4. Now you have your slice of cucumber, place it flat on the white paper. Use toothpicks to carefully separate some seeds from the rest of the cucumber. Look closely at them with your hand lens. Draw what the seeds look like under the hand lens/microscope. Now you are becoming a seed scientist!

5. Look carefully at the images below. Label the diagram on the left using the same words as the peach seed diagram.  

Close up of a cucumber
Peach seed diagram


  • Which parts of your cucumber slice are the endosperm, embryo and seed coat? 
  • Which parts of the cucumber slice are the endocarp, mesocarp and exocarp?  

6. Now that you’ve had a good look at fresh cucumber seeds, put them aside so we can look at dried ones. You may see a big difference between your wet seeds and the dry seeds in the packet. 

Activity 2: Testing cucumber seeds for fill, viability and germination

What you need:

  • A packet of dry cucumber seeds (from a garden shop or similar place) 
  • Sharp, pointed scissors 
  • Hand lenses 

Making a prediction!

Before testing, get into groups of three students and discuss your scientific predictions.  

I predict that the cucumber seeds will…. (circle the answer) 

Float – Sink 

Make a sound when dropped – Not make a sound when dropped
Have a visible embryo – Not have a visible embryo 

Germinate – Not germinate 


Seed experiments!

Now, you are ready to starting your experiments! Check the list below when you’ve completed each experiment.   
 Float test 
 Drop test 
 Cut test 
 Freeze test 
 Dry test 
 Wet test 

1. Do the cucumber seeds float? Remember, filled seeds will sink while empty seed will float. Write your observation here. 

2. Do your dry cucumber seeds make a sound when you drop them on a hard surface? Remember, scientists listen for the sound the seeds make when dropped onto a hard surface – empty seeds and filled seeds sound different. Describe the sound here. 

3. Use sharp scissors to cut one of cucumber seeds in half then look at it very closely using a hand lens or microscope to look for the endosperm and embryo. This is what scientists call a ‘cut test’.  Write your observation here. 


4. Draw what you see inside the cucumber seed.

Now that you’ve tested your cucumber seeds for ‘fill’, it’s time to test for viability and germination. Remember, viability testing is learning whether a seed is alive or not. But germination testing is asking whether the seed is ripe enough.

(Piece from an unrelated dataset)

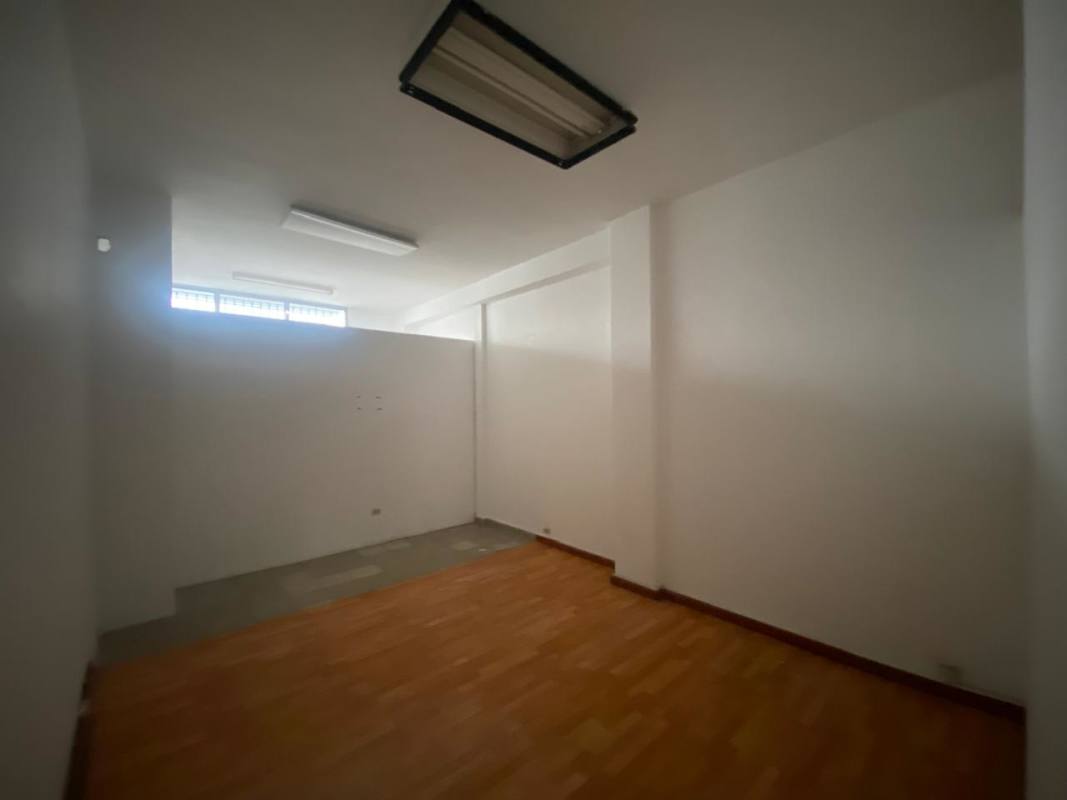 145m² Commercial Space on Vía Brasil Ground Floor with Parking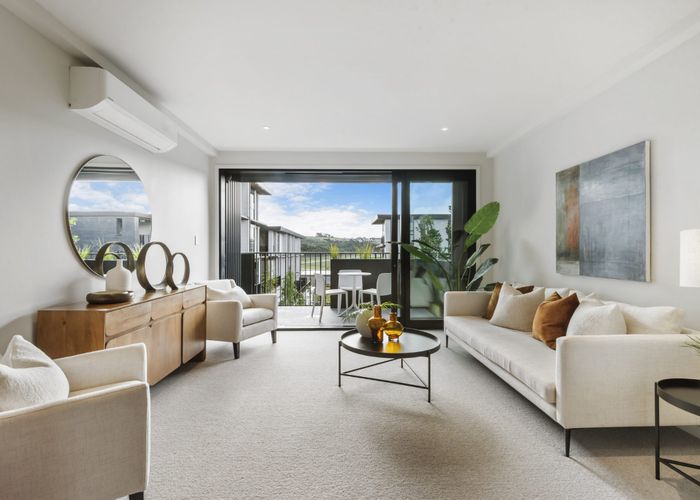  at 9a Windlass Street, Long Bay, North Shore City, Auckland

5. Take some cucumber seeds from the packet and divide them into three groups for testing under the same conditions but with one variable. The variable you are going to change is ‘storing’ them three different ways before germination. 

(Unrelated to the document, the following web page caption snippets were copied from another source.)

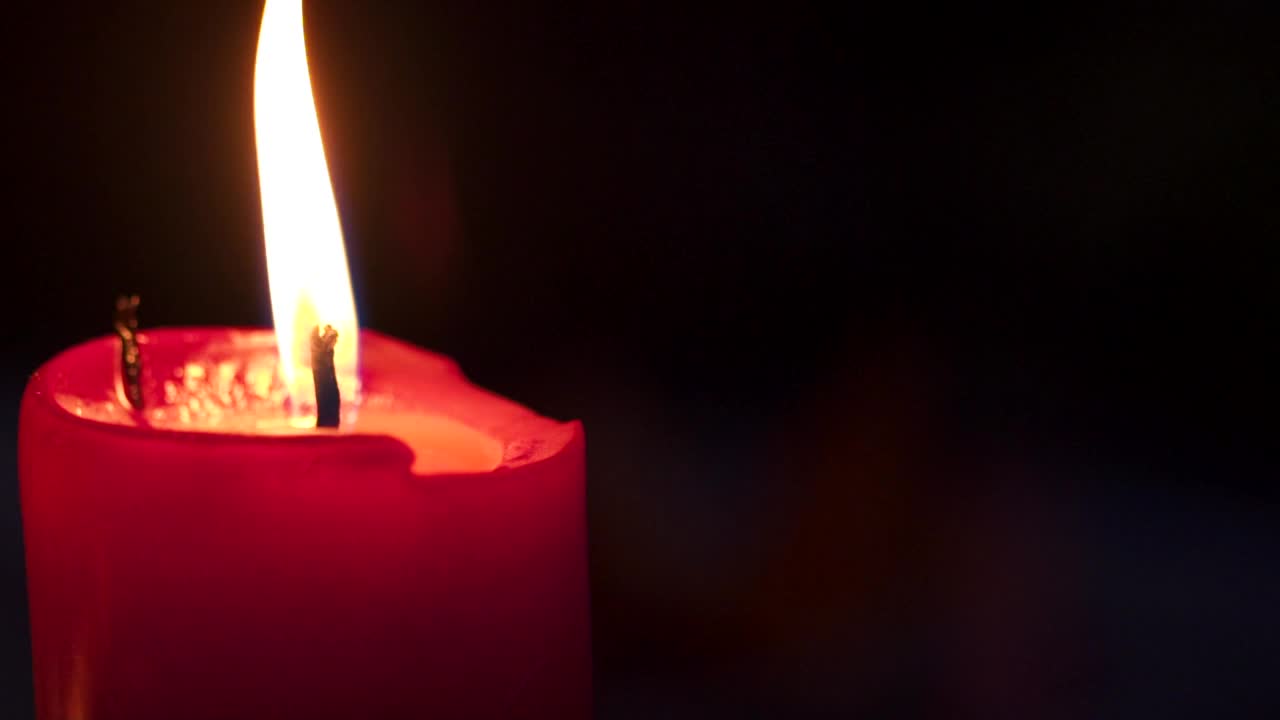红烛在夜里燃烧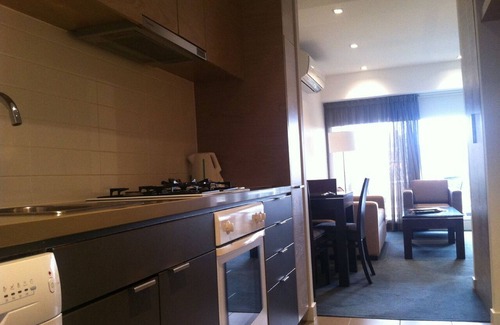 Saint Kilda South Hotel | St Kilda Central Apartment Hotel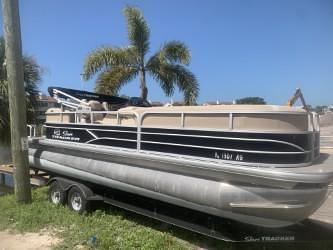 BOATZON | 2017 Sun Tracker Party Barge 22 DLX BOATZON | 2017 Sun Tracker Party Barge 22 DLX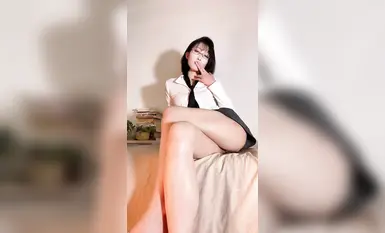 快手福利 網紅舞蹈老師【紫月】很會跳高價私密定製露毛微露穴 (20)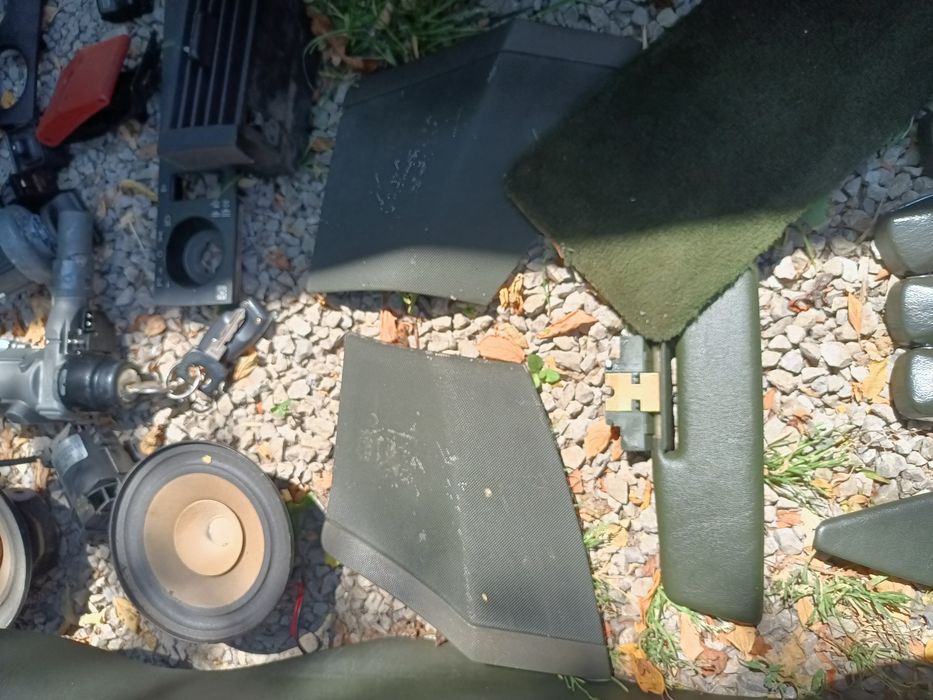 Части за Мерцедес 124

Freeze test Dry Test Wet test
At the Australian PlantBank, scientists use cryostorage to keep seeds for the future. Cryostorage means freezing the seeds at a very low temperature. Some seeds don’t need to be stored in any special way, just kept dry and safe. But not too dry! When seeds are too dry, this is called ‘desiccation’ Some seeds don't mind getting their feet wet and in fact germinate faster if they’ve been kept wet.   
  • Place these cucumber seeds in the school freezer overnight.
  • Place these cucumber seeds somewhere dry and safe overnight.
  • Place these cucumber seeds in a glass jar of water overnight. You don’t need to put a lid on top.

6. Now, it’s time for the final stage of your experiment – planting the cucumber seeds! Take all of the three test groups and get ready to plant them. If all three sprout into plants, then you know that cucumber seeds can be stored frozen, dry or wet and still remain viable. If some don’t sprout at all, then you know that some conditions just don’t suit cucumbers.

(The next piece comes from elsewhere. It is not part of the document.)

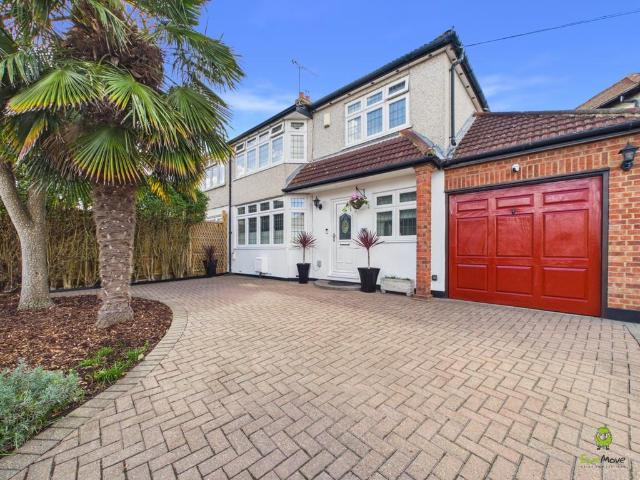 House for sale in Belle Grove, Greater London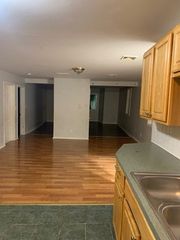 174 Jencks St 3, Fall River, MA 02723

Do you think all of the seeds will sprout? And will they sprout at the same time? Will some take longer than others? If yes, which ones?

To make sure you know which group is which, prepare some labelled seedling trays.  You’ll need three trays – one for each type of storage. Remember, it’s important to keep everything in your experiment fair and accurate, so use the same soil for each tray, the same amount of water and put them in the same (sunny) position. Follow the instructions on the seed packet for more information.  

Over the next few days and weeks, write your observations in your workbooks. You could write them as a “Diary of a Cucumber”.